The bad news is that it's not working. A poke around with a meter suggests things are mostly in order, but hitting a key only produces a very quiet "tick" rather than a loud click as the solenoid which drives the tape does its thing. Here's the solenoid and the main PCB:
... and for fans of old-school silicon, here's the three-chip(!) TI calculator chipset that does the work. LSI 1970 style, built on a 10um process. TMC1730,1731,1732.

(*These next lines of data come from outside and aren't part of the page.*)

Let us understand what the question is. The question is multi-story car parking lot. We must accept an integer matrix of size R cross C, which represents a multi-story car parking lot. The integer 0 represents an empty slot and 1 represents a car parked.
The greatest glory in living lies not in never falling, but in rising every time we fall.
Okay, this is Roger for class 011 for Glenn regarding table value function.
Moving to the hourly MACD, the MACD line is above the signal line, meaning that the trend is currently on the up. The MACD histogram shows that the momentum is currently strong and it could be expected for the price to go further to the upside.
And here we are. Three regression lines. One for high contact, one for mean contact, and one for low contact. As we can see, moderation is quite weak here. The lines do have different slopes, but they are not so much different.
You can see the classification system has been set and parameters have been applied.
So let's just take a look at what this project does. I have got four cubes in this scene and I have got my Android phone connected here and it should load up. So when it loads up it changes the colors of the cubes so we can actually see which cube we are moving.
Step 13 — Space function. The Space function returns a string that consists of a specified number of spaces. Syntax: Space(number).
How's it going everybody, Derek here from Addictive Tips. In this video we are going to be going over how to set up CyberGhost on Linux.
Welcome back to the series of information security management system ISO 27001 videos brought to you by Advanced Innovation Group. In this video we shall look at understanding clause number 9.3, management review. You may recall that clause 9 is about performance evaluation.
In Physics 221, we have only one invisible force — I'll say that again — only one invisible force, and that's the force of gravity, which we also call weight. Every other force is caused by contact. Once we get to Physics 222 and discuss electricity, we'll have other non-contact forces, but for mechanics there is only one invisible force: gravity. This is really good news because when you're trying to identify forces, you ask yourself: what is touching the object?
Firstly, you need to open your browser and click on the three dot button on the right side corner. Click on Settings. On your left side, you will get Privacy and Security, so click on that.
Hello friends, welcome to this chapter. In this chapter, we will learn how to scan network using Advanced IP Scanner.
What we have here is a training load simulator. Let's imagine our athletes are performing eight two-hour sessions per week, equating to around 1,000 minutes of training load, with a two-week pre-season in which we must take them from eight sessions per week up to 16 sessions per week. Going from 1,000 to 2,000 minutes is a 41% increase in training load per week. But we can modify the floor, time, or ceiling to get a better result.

I think the problem is not electrical but mechanical. The drive circuitry is producing nice neat 50ms pulses at 18V, but the thing only clicks:
The best I can figure out is that the solenoid is jammed as the bearings on the wheel that drives the tape are pretty much seized - there's a chunk of disintegrated foam padding in there which hasn't helped at all. The rubber drive surface has also hardened and stuck itself to the wheel. I'm not a mechanical type so don't feel happy taking it to bits because of the risk I'll never get it back together again, so I guess I'll seek out someone who can if getting hold of some penetrating oil doesn't free things up. I'd love to bring this back back to life, so definitely not ready to give up yet. In the meantime, here's one last picture of the underside of the main PCB - classic late-1960s single sided PCB layout design!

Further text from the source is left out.